A pintura acompanha este mesmo movimento passando a ser concebida a partir de novos pressupostos: uso abusivo das cores, grandes formatos, uso de objetos do cotidiano adotados como suporte pictórico da obra, gestualidade, figurativismo e expressionismo.
As tendências nas práticas de lazer
O alto nível do progresso tecnológico tem como decorrência uma transformação de valores na sociedade, propiciando novos dilemas e embates culturais. As práticas de lazer pós-modernas propõem um novo modo de ver o mundo, ligando linguagens artísticas a um tipo de realidade multifacetada, fragmentada e híbrida. Buscam manifestar sentimentos emotivos numa sociedade acusada de ser fria, calculista, apressada e ambiciosa (Huyssen, 1990).
Uma primeira tendência possível das atividades de lazer é o fortalecimento da mobilização da moda em mercados de massa altamente individualizantes de públicos específicos. Com um forte meio de acelerar o consumo de roupas, estilos de vida e atividades de recreação (Oliveira, 2006). Uma segunda tendência será a exploração cada vez maior de bens de serviços - não apenas serviços educacionais, pessoais, comerciais, como também de diversão, espetáculo, eventos, distrações. O tempo de vida deste consumo é bem menor do que dos bens duráveis, por isso precisam de forte apelo midiático e transformações constantes.
Em curto espaço de tempo as atividades ou modismos tornam-se obsoletos para o mercado de imagens. Na educação física pode-se colocar a "aeróbica" que deu lugar aos "Body sistem, body combat", que deu lugar ao "personal training" e que dará lugar ao modismo de gêneros, como academias temáticas.
A mídia e o virtual conquistam espaços nas atividades de lazer. Reforçando a tese pós-moderna que não existe inovação, rupturas, apenas reciclagem daquilo que já foi constituído. O virtual simula o real, fortalece a idéia de simulacro, e ao mesmo tempo não constrói nada de novo.
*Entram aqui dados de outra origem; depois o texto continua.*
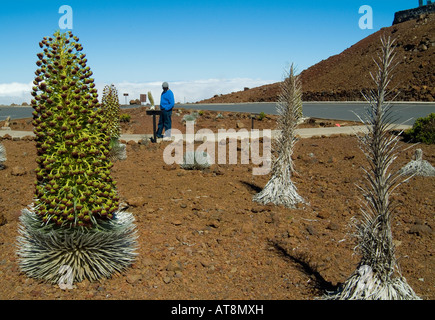 Mann trägt blaue Jacke liest über vom Aussterben bedrohte Silversword Pflanze in voller Blüte, indigenen nur zum Haleakala auf der Insel Maui Stockfoto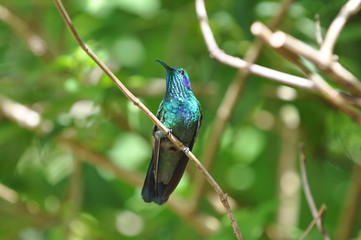 Colibri vert et bleu, Costa Rica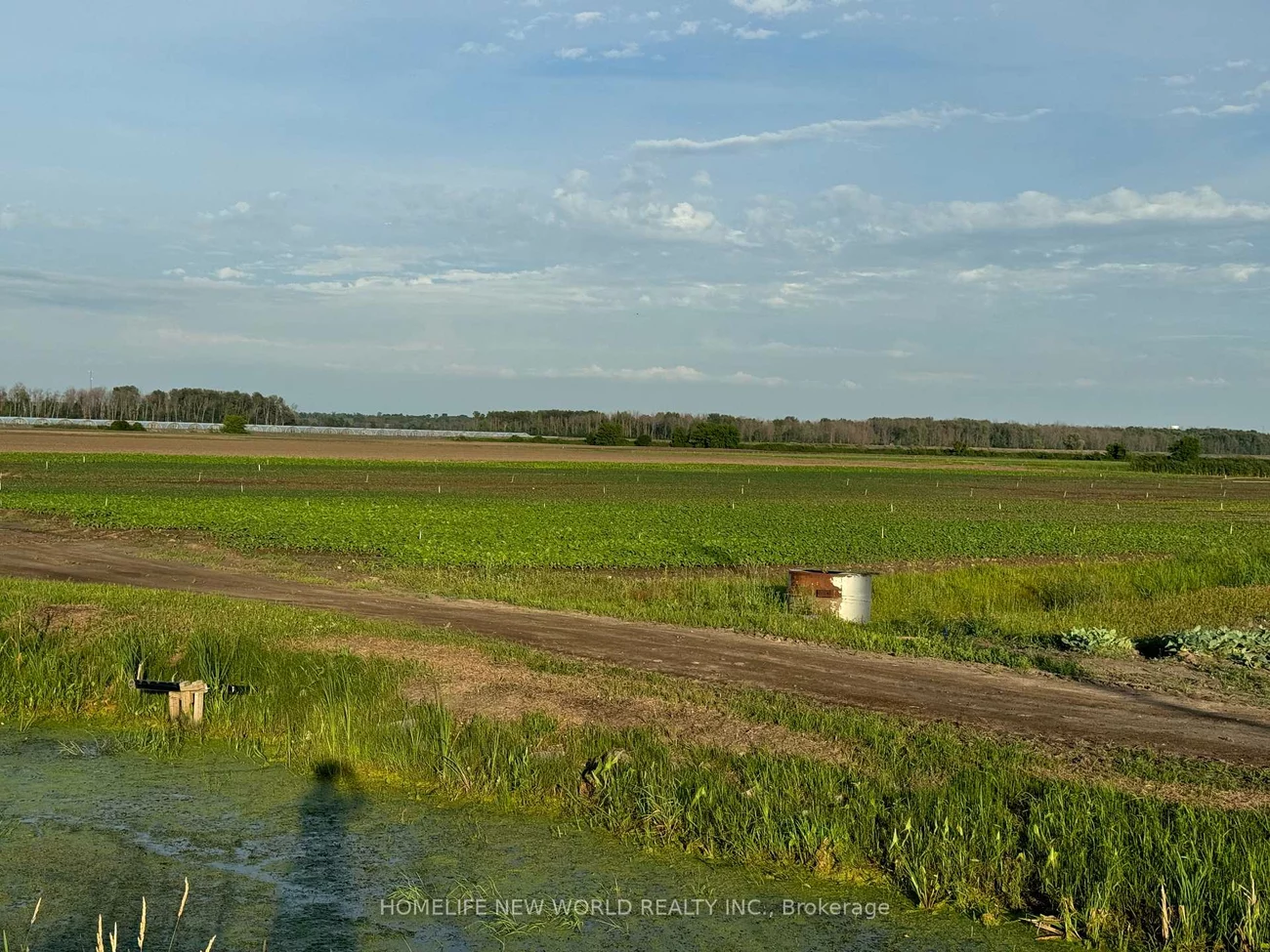 571, Ravenshoe, Queensville, East Gwillimbury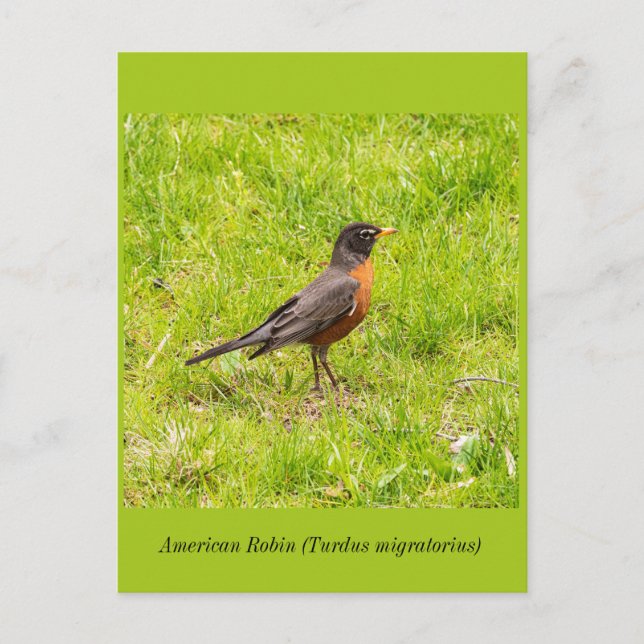 American Robin Postcard (Front)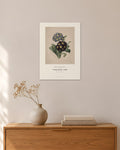 Primula auricula – Aurikel – Pierre-Joseph Redouté – 30 × 42 cm ohne Rahmen – Raumansicht – Art Bros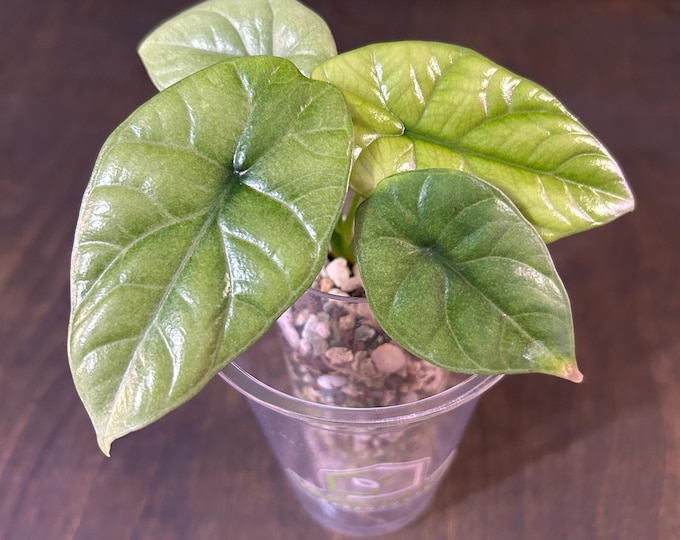 Alocasia Sinuata Full Munt Variegated * USA Exact Plant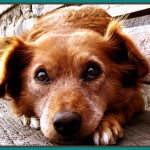 My Dog is Scared of Other Dogs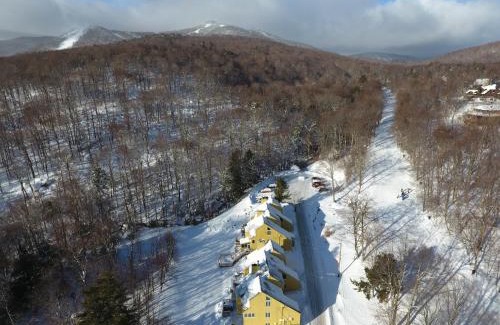 Central Vermont- Killington Apartment | Luxurious Trailside Village One Bedroom Condo #1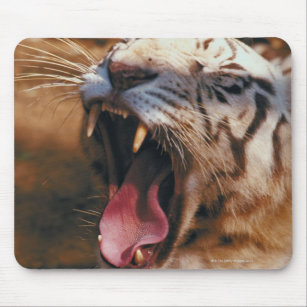 23899234 MOUSE PAD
Podemos viajar virtualmente, sentir prazer, vivenciar uma aventura fantástica, conhecer e ler nas bibliotecas de todo o mundo.
No mundo contemporâneo abriu-se mão da originalidade, em todos os sentidos. Ainda que inserida num já instalado mercado da cultura de massa, o lazer pós-moderno utiliza-se da reprodução não só enquanto materialidade, mas como tema, experiência estética, homenagem ou, num último estágio, laboratório virtual.
Além disso, a tecnologia virtual permite a realização de fenômenos incabíveis no real. Tal facilidade estimula as experiências de reciclagem artística, ou colagem. Estilos artísticos opostos, músicas de épocas distintas, personagens marcantes (ou não), referências a outras obras. A brincadeira virtual é infinita, o que confere ao lazer pós-moderno uma metalinguagem. Se tudo já foi feito durante todo o século da modernidade, o que se pode fazer é misturar as influências e citações, para verificar qual o efeito das possibilidades combinatórias. Quanto mais declaradamente virtual mais divertido.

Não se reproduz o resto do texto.